EDSR is a kind of generative network based on sample learning. The general process is that firstly to get the low-resolution(LR) image down-sampled by interpolation from high-resolution (HR) image, as the LR input of a convolutional neural network(CNN), and the original image will be as the HR input of a CNN; then a large number of such paired samples are used to train the network so as to establish the end-to-end mapping relationship between the LR image and its corresponding HR image; and finally the mapping relationship is used to create a super-resolution(SR) image from LR image.
The author of EDSR constructs the model baseline with residual blocks, whose structure is similar to that of SRResNet15. However, the EDSR does not have the Rectified Linear Unit (ReLU) activation layers outside the residual blocks20. Moreover, the baseline model does not have residual scaling layers and includes only 64 feature maps for each convolution layer.

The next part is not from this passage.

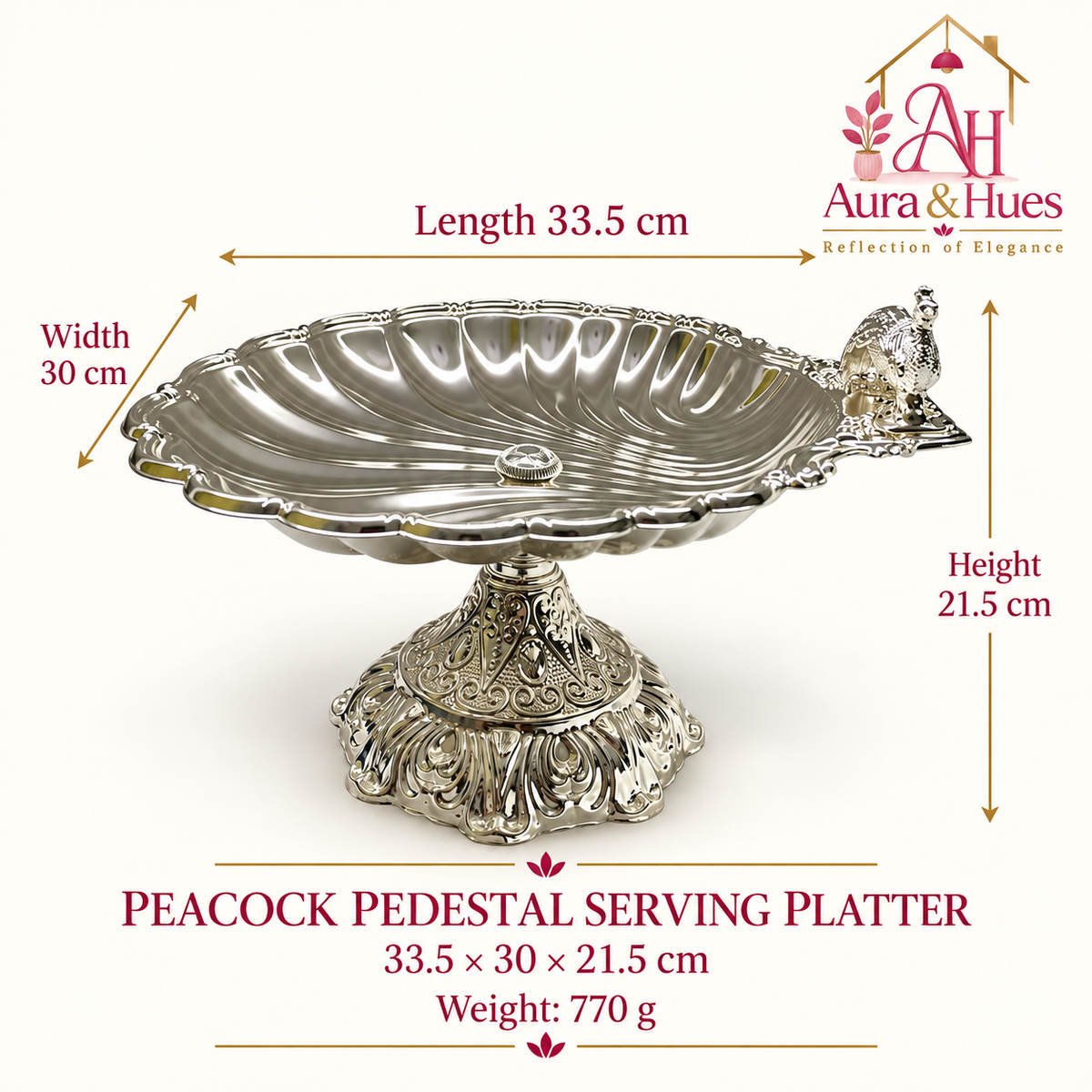 Aura & Hues Royal Large Footed Round Serving Platter and Cake Stand with Embossed Peacock Motif, Nut Bolt Fitting & Diamond Studs (Silver, 33.5 cm)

Super-resolution involves up-sampling operation of image resolution. The Super-Resolution Convolutional Neural Network (SRCNN) 16 applied convolution layers on the pre-upscaled LR image. It is inefficient because all convolutional layers have to compute on high-resolution feature space, yielding much more computation than on low-resolution space. To accelerate processing speed without loss of accuracy, Fast Super-Resolution Convolutional Neural Network (FSRCNN) 17 utilized parametric deconvolution layer at the end of SR network, making all convolution layers compute on LR feature space. Another non-parametric efficient alternative is pixel shuffling 18 (a.k.a., sub-pixel convolution). Pixel shuffling is also believed to introduce less checkerboard artifacts than the deconvolutional layer. We also used the pixel shuffling as the up-sampling operation.

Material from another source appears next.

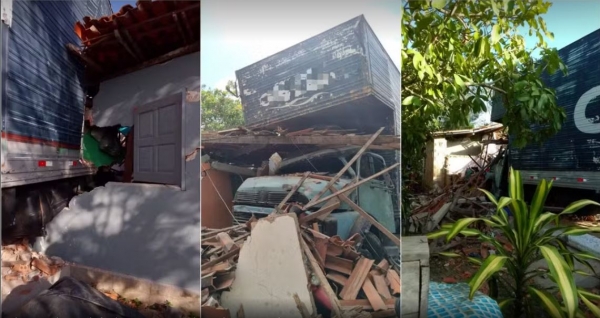 MOTORISTA DE CAMINHÃO DORME AO VOLANTE, INVADE CASA E DEIXA TRÊS FERIDOS NA BR-316, NO MA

We used the adult granulosa cell tumor images and the leiomyosarcoma images as our datasets (Fig. 1a-b). We get a large of training patches with size of 512 × 512 as the HR images randomly spliting from each training Whole-Slide Imaging(WSI) and validating patches are from each validating WSI and testing patches are from each testing WSI.
Due to computational resources, we just use the baseline model of EDSR, and the specific parameters in training are listed in Table 1. When training, we use the RGB input patches of size 256 × 256 from LR image with the corresponding HR patches. The 512 × 512 RGB input patches from HR image and its bilinear down-sampled image will be as the training output-input pairs. We pre-process all the images by subtracting the mean RGB value based on the default settings. We also train our networks using L1 loss instead of L2, because L1 loss can provides better convergence than L2 as far as we know. We used both the granulosa cell tumor and the leiomyosarcoma output-input pairs. After a few training sessions, the final training loss curve is shown in Fig. 1c and the PSNR curve in validating dataset is shown in Fig. 1d. The last training used the best model before as the pre-trained model.